▶ **Data extract**
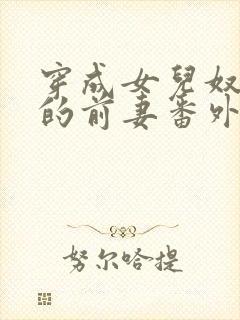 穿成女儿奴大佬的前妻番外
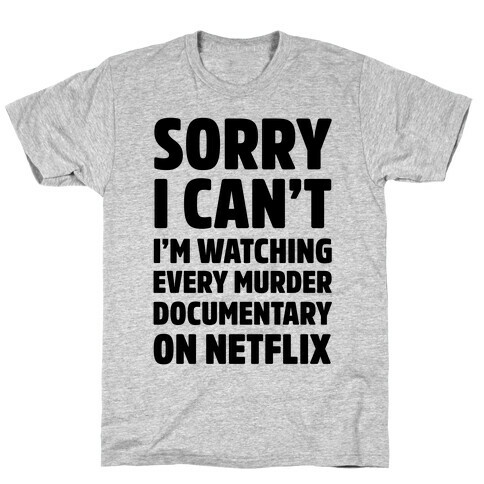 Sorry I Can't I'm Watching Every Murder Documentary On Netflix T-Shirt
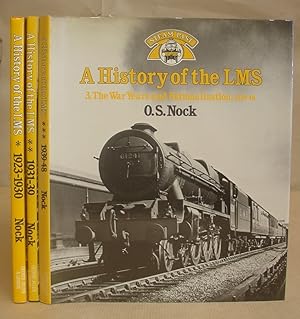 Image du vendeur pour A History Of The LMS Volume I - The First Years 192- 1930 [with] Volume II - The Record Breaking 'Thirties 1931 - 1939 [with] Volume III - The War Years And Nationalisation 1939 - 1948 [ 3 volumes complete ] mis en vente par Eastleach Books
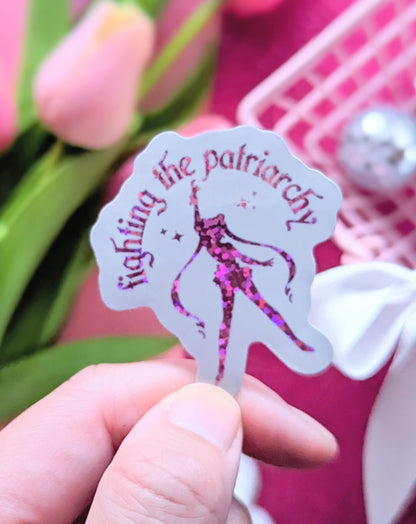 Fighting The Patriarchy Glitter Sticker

▶ **Required work**
If pictures appear in the data, omit them and copy all other parts exactly.

▶ **Answer for this exercise**
 穿成女儿奴大佬的前妻番外
 Sorry I Can't I'm Watching Every Murder Documentary On Netflix T-Shirt
 Image du vendeur pour A History Of The LMS Volume I - The First Years 192- 1930 [with] Volume II - The Record Breaking 'Thirties 1931 - 1939 [with] Volume III - The War Years And Nationalisation 1939 - 1948 [ 3 volumes complete ] mis en vente par Eastleach Books
 Fighting The Patriarchy Glitter Sticker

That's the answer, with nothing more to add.